First off, thank you for considering contributing to hwmonitor! It's people like you that make open source tools great.

This document provides a set of guidelines for contributing to the repository.


1. Code of Conduct

By participating in this project, you agree to maintain a respectful, inclusive, and harassment-free environment for everyone. Please be kind and professional in all interactions.

2. Getting Started

Prerequisites

  • A Linux environment (the tool relies heavily on Linux-specific filesystems like sysfs and procfs).
  • gcc and make installed.
  • Familiarity with C11.

Setup

  1. Fork the repository on GitHub.
  2. Clone your fork locally with submodules:
    git clone --recursive https://github.com/your-username/hwmonitor.git
  3. Create a new branch for your feature or bug fix:
    git checkout -b feature/my-new-feature

3. Development Guidelines

hwmonitor is built with extreme performance, modularity, and memory safety in mind. Please adhere to the following when writing code:

Architecture

  • No Shell Commands: Do not use system(), popen(), or execute external binaries (like lspci or dmidecode). All hardware discovery must be done by parsing standard Linux interfaces (/sys/, /proc/, etc.).
  • Modularity: Keep hardware logic separated. If you add a new hardware type (e.g., disk.c), ensure it has its own header and doesn't tightly couple with other hardware modules.
  • Minimal Dependencies: We aim to keep dependencies to an absolute minimum to maintain a tiny footprint. We currently use cJSON (via git submodule) for serialization, and libcurl for AI network requests. Please discuss before adding any new system-wide dependencies.
  • Separation of Concerns: Keep hardware discovery logic in src/linux/ separate from external API integrations in src/api/.
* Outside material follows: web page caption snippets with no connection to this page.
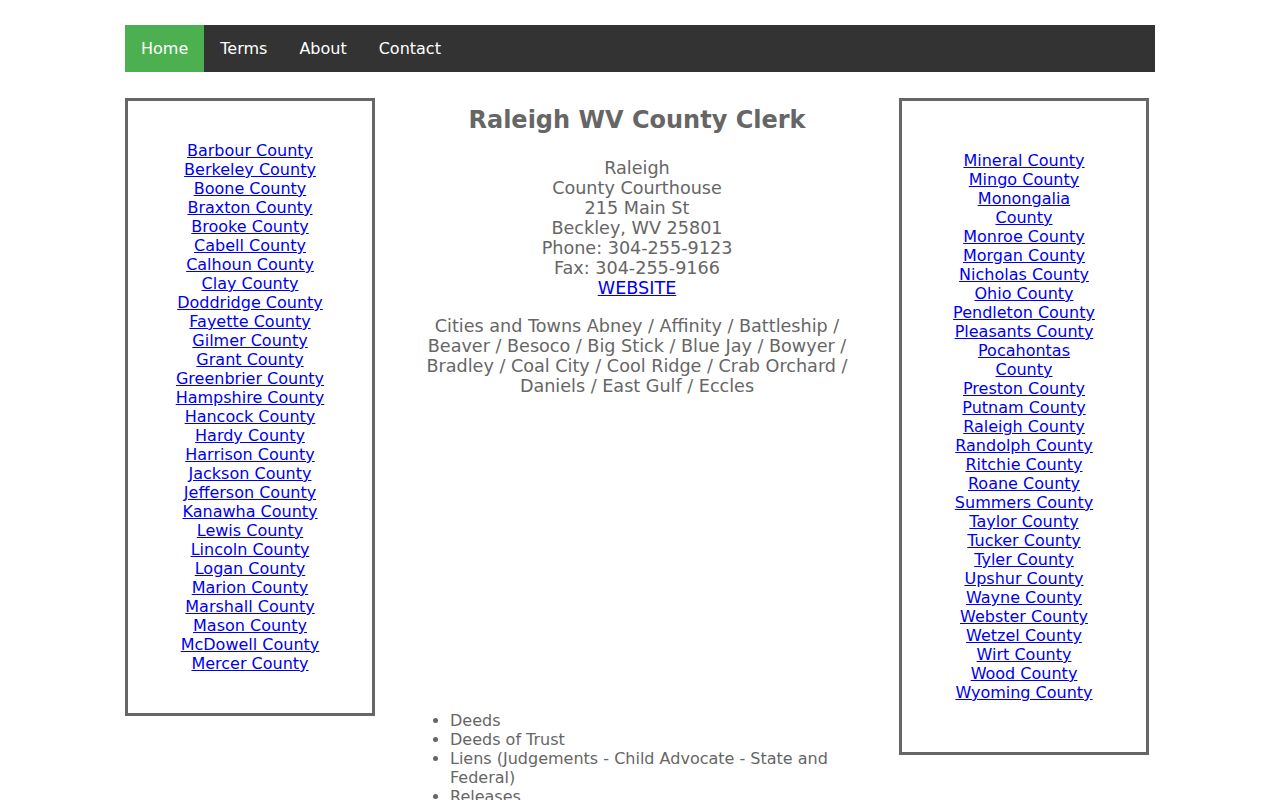 Raleigh County property deed records directory with land instrument categories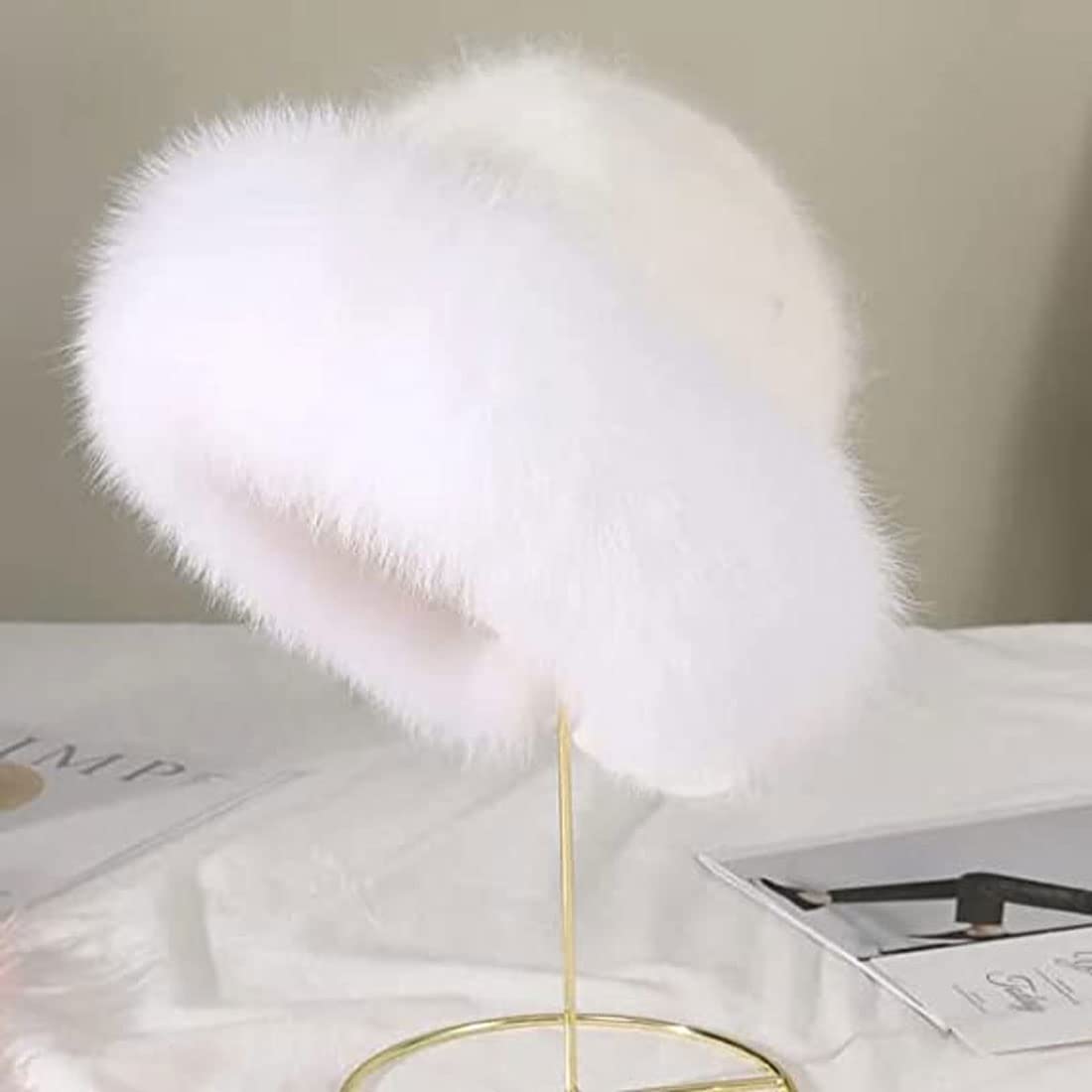 Women's Winter Furry Hat,Bonnet d'hiver en Fausse Fourrure pour Femmes,Élégante,Thermiques,Russe Fashion,Chapeau de Trappeur Hiver,Chapeau en Peluche Extensible
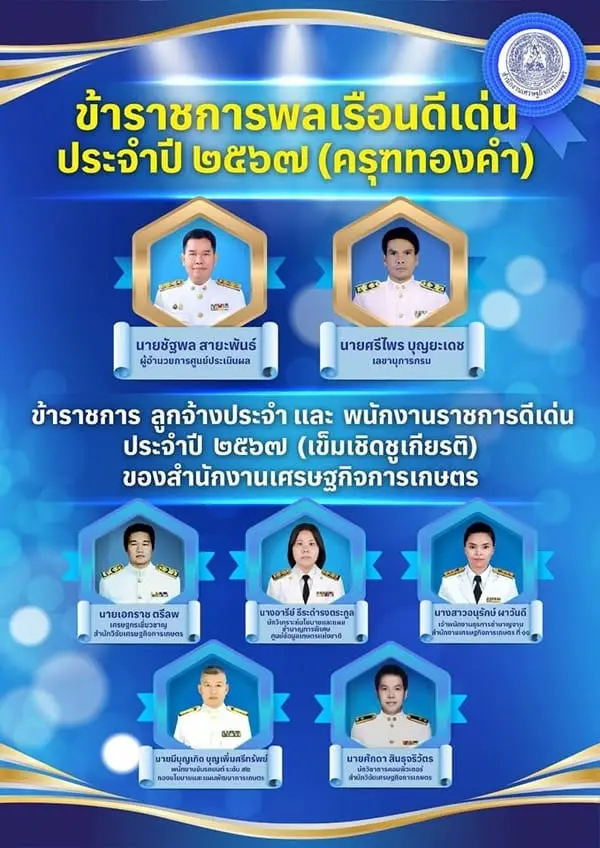 สำนักงานเศรษฐกิจการเกษตรขอแสดงความยินดี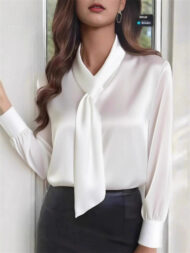 Ladies' Elegant Satin Solid Color Lace Up Long Sleeve Blouses - Image 6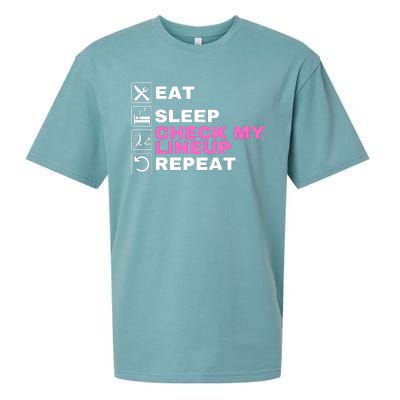 Eat Sleep Check My Lineup Repeat Fantasy Football Fantasy Football Fanatics Sueded Cloud Jersey T-Shirt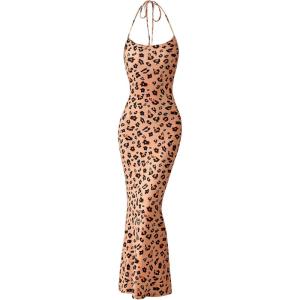 imagePRETTYGARDEN Maxi Dresses for Women 2025 Summer Halter Leopard Print Backless Sexy Bodycon Cocktail Beach Long DressKhaki Leopard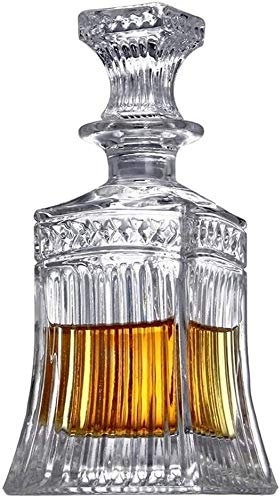 SHUKUILIUDT Decantador de Whisky Decantadores de Whisky de garrafa for los espíritus Cristal de Vidrio sin Plomo Whisky Decanter for Licor o Whisky Bourbon Vino 18.26 Oz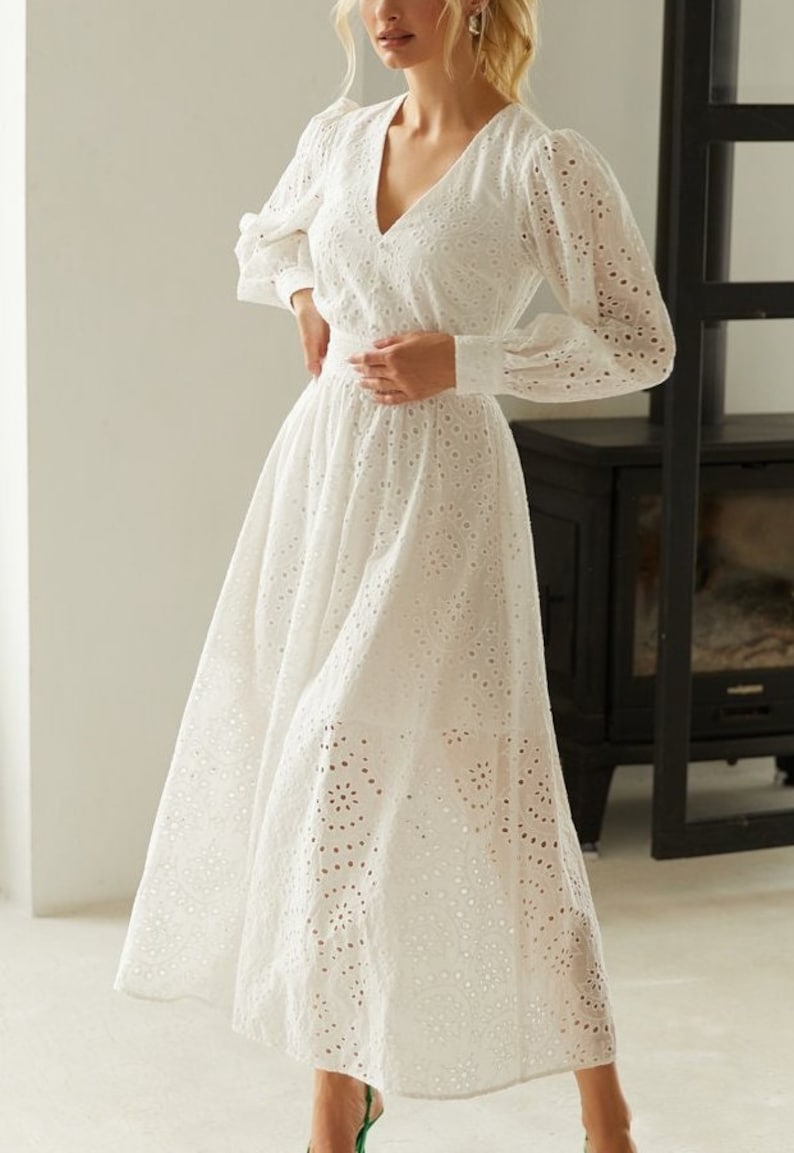 Laconic summer dress long sleeve White cotton dress for women Openwork Party dress White bridesmaids drresses image 1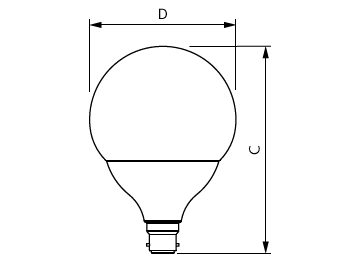 Dimension Drawing (with table) - LEDGlobe 10W G120 B22 WW 230V_AU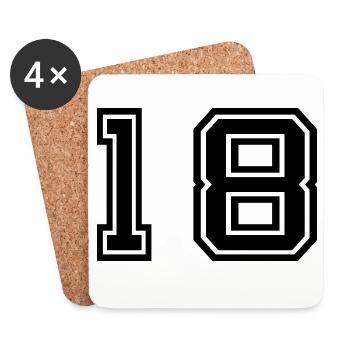 18th birthday of legal age - Coasters (set of 4) - white - Front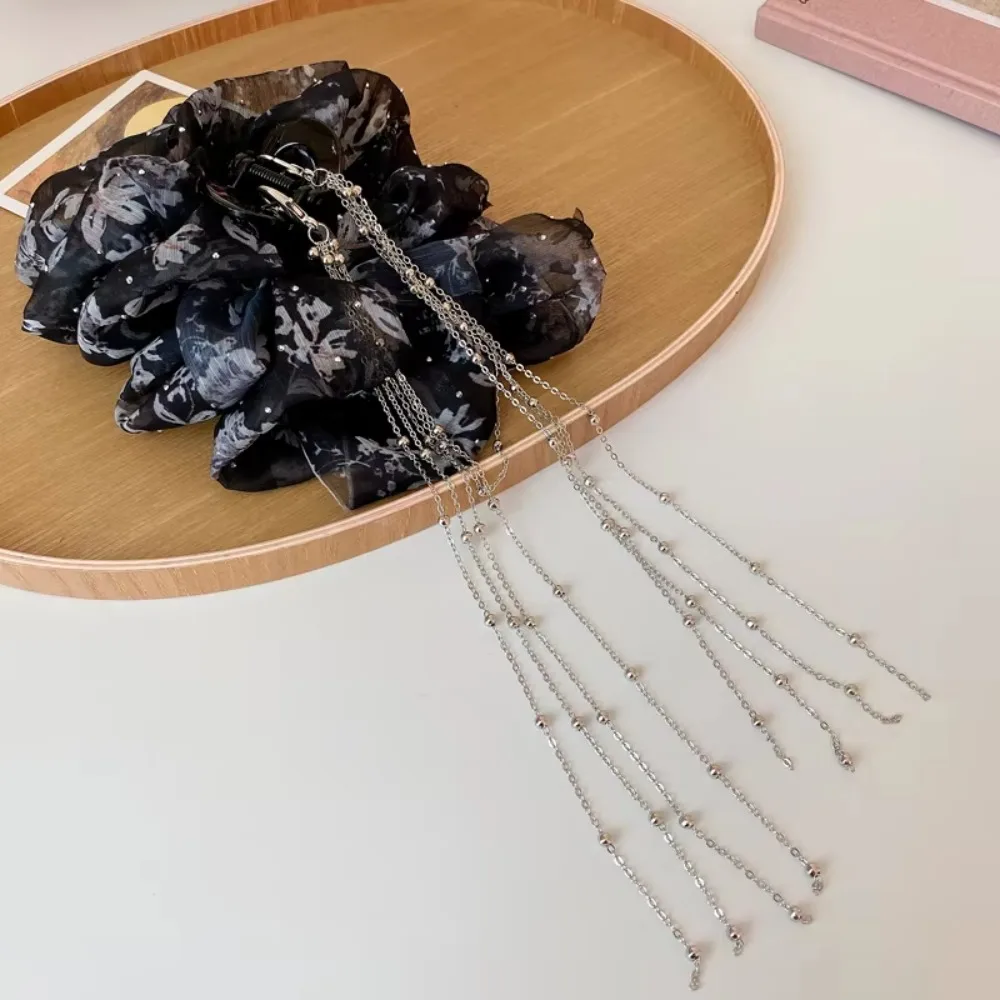 Horquillas con lazo de tela para mujer, cadena de diamantes de imitación de malla, Clip de agarre con borlas, accesorios para el cabello multicapa, Súper Hada dulce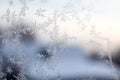 Ice Frost Crystal Patterns On Window Glass In Cold Winter Light Royalty Free Stock Photo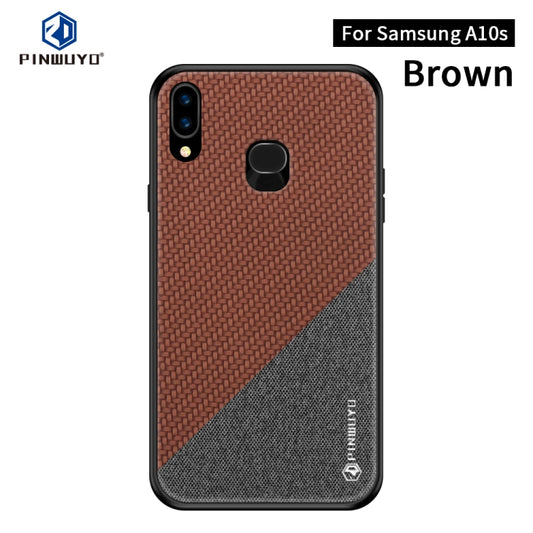 For Galaxy A10S PINWUYO Rong Series  Shockproof PC + TPU+ Chemical Fiber Cloth Protective Cover(Brown) - Galaxy Phone Cases by PINWUYO | Online Shopping UK | buy2fix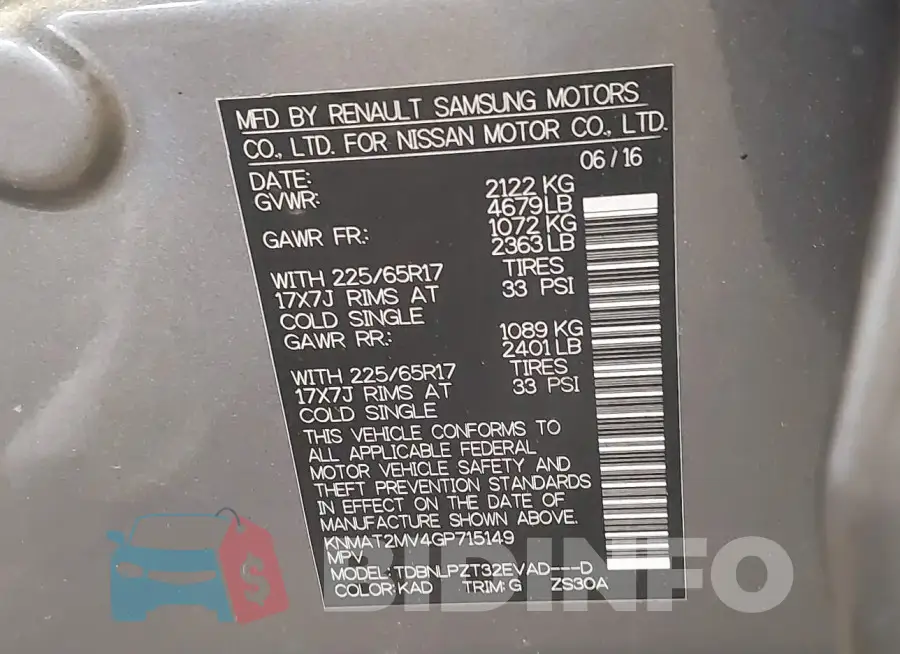 KNMAT2MV4GP715149 Photo# 9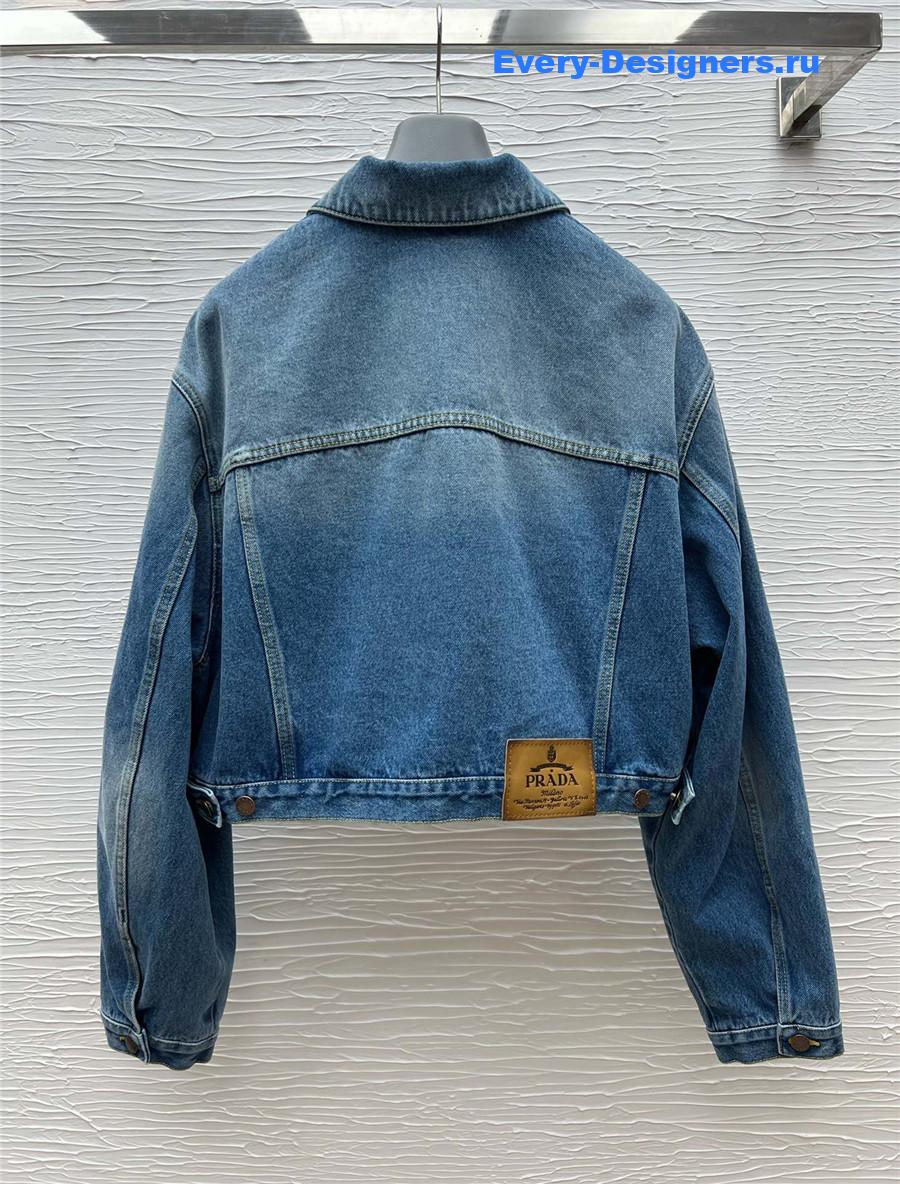 Pra*a cropped denim jacket blue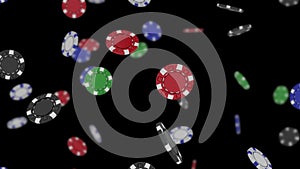 Colored poker chips slowly falling down on a green background. casino, online casino, poker, roulette.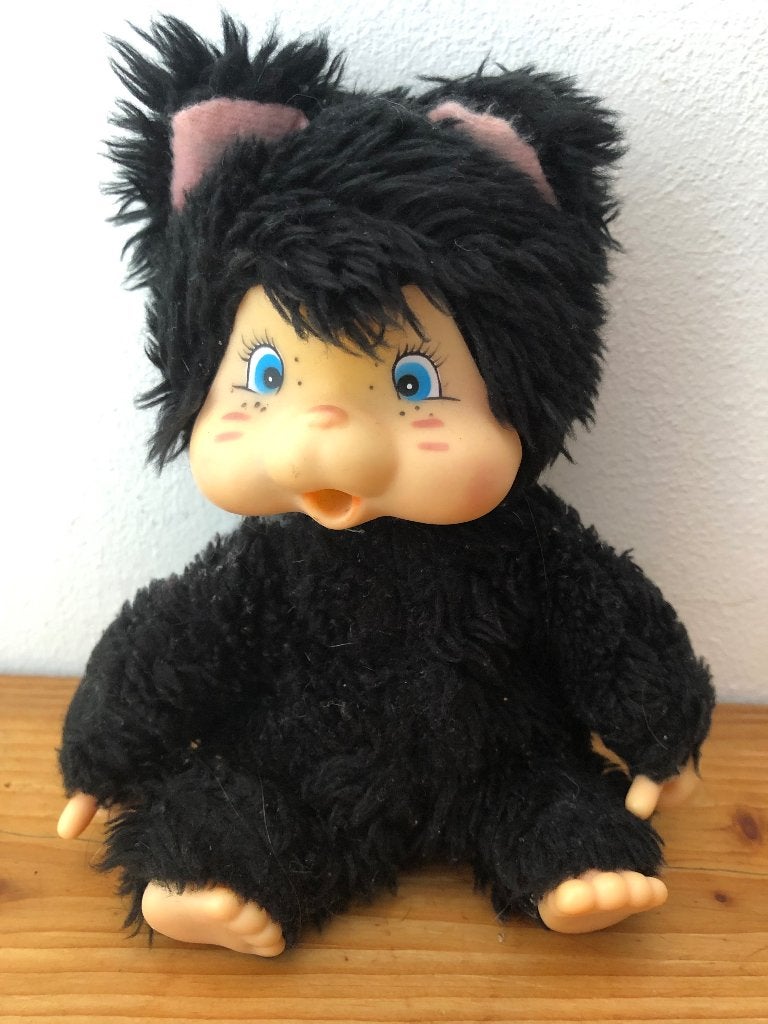Vintage Sekiguchi Monchhichi Nyamy kat jaren ‘70 Japan, Ophalen of Verzenden, Gebruikt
Code Style (Linux Kernel Style)

This project strongly adheres to the Linux kernel coding style conventions:

  • Indentation: Use 2 spaces for indentation.
  • Braces: Single-statement if/for/while blocks must not use braces.
    // Bad
    if (!ptr) {
      return -1;
    }
    
    // Good
    if (!ptr)
      return -1;
  • Null Checks: Use !ptr instead of ptr == NULL.
  • Pointers: Bind the asterisk to the type, not the variable (e.g., char* str, not char *str).

Memory Safety

  • This project has a zero-leak policy.
  • Every allocated struct must have a corresponding deep-free function (e.g., free_cpu(), free_battery()).
  • Ensure all dynamically allocated strings inside structs are freed before the struct itself is freed.

4. Submitting Changes

  1. Test your changes: Run make clean && make and ensure the binary builds without errors or warnings.
  2. Verify memory: Use tools like valgrind to ensure your new features do not introduce memory leaks (test both standard and API paths).
    valgrind ./build/hwmonitor.o --all
    # and if testing AI features:
    valgrind ./build/hwmonitor.o --cpu --ai "Test prompt"
  3. Commit: Write clear, concise commit messages.
  4. Push: Push your branch to your fork.
  5. Pull Request: Open a Pull Request against the master branch. Provide a detailed description of what your PR does and why it is necessary.

We look forward to reviewing your contributions!